Patients on chronic dialysis (N = 1124) and those with missing data on AKI after PCI (N = 3342) were excluded. In addition, those with missing data on the date when PCI was performed (N = 474) were also excluded because we split the data into training and testing datasets based on the date of PCI (Fig. 1). In this retrospective study, we evaluated 19,222 consecutive patients undergoing PCI between September 2008 and March 2019 using the JCD-KiCS registry. AKI was defined as an absolute increase of 0.3 mg/dL or a relative increase of 50% in serum creatinine10. New induction of dialysis was also considered as AKI given its severity12. In the JCD-KiCS registry, the post-procedural creatinine value was defined as the highest value within 30 days after the index procedure. Congruent with the NCDR definition, if more than one post-procedural creatinine level was measured, the highest value was used to determine the incidence of AKI. This timing of peak creatinine was congruent with that reported in previous studies10.

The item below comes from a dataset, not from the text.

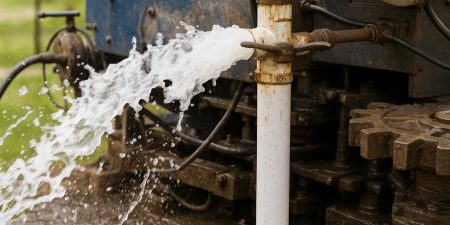 A close-up of an industrial water pump spraying a powerful stream of water, highlighting its robust metal components and mechanical details.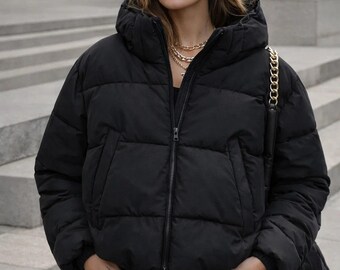 Black HOODED PUFFER JACKET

Patients’ flow chart. PCI: percutaneous coronary intervention, JCD-KiCS: Japanese Cardiovascular Database-Keio Inter-hospital Cardiovascular Studies.

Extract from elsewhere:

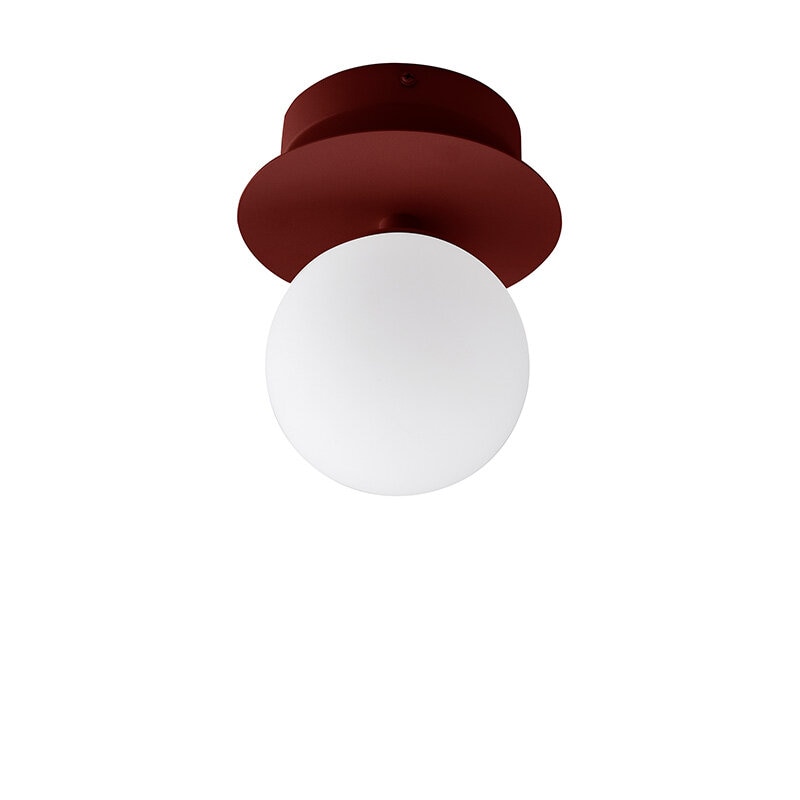 Art Deco IP44 vägglampa/plafond burgundy/vit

PCI-related complications were defined as a composite endpoint that included severe flow-limiting coronary dissection or coronary perforation, myocardial infarction after PCI, cardiogenic shock or heart failure, cerebral bleeding or stroke, and other bleeding complications. Bleeding complications were defined as those requiring transfusion, prolonging hospital stay, and/or causing a decrease in hemoglobin of > 3.0 g/dl19. When present, bleeding complications were classified by the site of bleeding, as follows: puncture-site bleeding, including external bleeding; or a hematoma > 10 cm for femoral, > 5 cm for brachial, or > 2 cm for radial access sites; retroperitoneal bleeding; gastrointestinal bleeding; genitourinary bleeding; or other types of bleeding. This definition of bleeding complications was consistent with the definition of grade 3 (A to C) bleeding from the Bleeding Academic Research Consortium20. Our definitions of complications were consistent with the NCDR CathPCI registry, and additional information on data elements and definitions is available on their website (http://www.ncdr.com/webncdr/cathpci/).

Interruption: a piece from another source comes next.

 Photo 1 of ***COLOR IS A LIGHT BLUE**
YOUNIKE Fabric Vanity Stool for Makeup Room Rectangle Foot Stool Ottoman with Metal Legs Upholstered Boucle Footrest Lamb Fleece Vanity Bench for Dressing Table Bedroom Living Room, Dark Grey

Continuous variables were expressed as mean and standard deviation or median (interquartile range), as appropriate for the data distribution, with categorical variables expressed as percentages. The change from baseline in continuous variables was evaluated using Student’s t-test or the Mann–Whitney U test, as appropriate for the data distribution, with the chi-squared or Fisher’s exact test used for categorical variables.
To construct the ML model, we initially identified the important variables associated with AKI after PCI using Lasso through logistic regression. Lasso selects variables by shrinking the coefficients of less important variables from logistic regression to zero21. The twelve variables used for the NCDR-AKI risk model (defined as the NCDR variables) were included in the Lasso model9: age (< 50, 50–59, 60–69, 70–79, 80–89, and > 90), chronic kidney disease (estimated glomerular filtration rate [eGFR] [mL/min./1.73 m2], 60<, 45–60, 30–45, < 30), previous heart failure, diabetes mellitus, cerebrovascular disease, heart failure at admission, cardiogenic shock (CS) at admission, cardiopulmonary arrest (CPA) at admission, use of intra-aortic balloon pump (IABP), ST-elevation myocardial infarction, non-ST-elevation myocardial infarction/unstable angina, and preprocedural hemoglobin (< 10 g/dL). In addition, we constructed the SHAP approach to select the important variables with the light GBM using the 12 NCDR variables. This approach explains the models at the level of individual patients based on the sum of the numeric computed credit (SHAP) values of each feature22,23. Categorical variables (age, eGFR, and preprocedural hemoglobin) were entered as continuous variables in the Lasso and SHAP models.
After the selection of important variables, the data were split into training and testing datasets: before March 31, 2017 (N = 16,644, 86.6%) and after April 1, 2017 (N = 2578, 13.4%), respectively, to validate the data in recent years, which is considered an effective model for the current practice (Fig. 1, Supplemental Table 1). Subsequently, a light GBM model using a stratified K-fold cross-validation method was applied to the training dataset (K = 5)24. The light GBM was designed to be accurate, efficient, and fast, which are advantages in handling large-scale data22. In comparison to the logistic regression model, the light GBM used “NaN” to represent missing values and were dealt with separately from zero, as missing values were interpreted as containing information22. Hyperparameter optimization was performed using an implementation called “Optuna”25. Categorical variables were entered as continuous variables to leverage ML techniques15,24. We used the area under the curve (AUC) to evaluate the different models, and the AUC was calculated for the training and testing datasets. Furthermore, we analyzed two versions of light GBM models, with IABP, since the discretion of its use was considered operator-dependent, and the benefit of IABP has been considered reduced over the past years during this study period. Additionally, new mechanical circulatory support devices such as Impella (Abiomed, MA, USA) are emerging, but their benefits remain unproven26,27. Although the NCDR-AKI risk model included IABP9, we also selected the pertinent variables with SHAP and Lasso without IABP and analyzed the AKI risk model using the light GBM without IABP.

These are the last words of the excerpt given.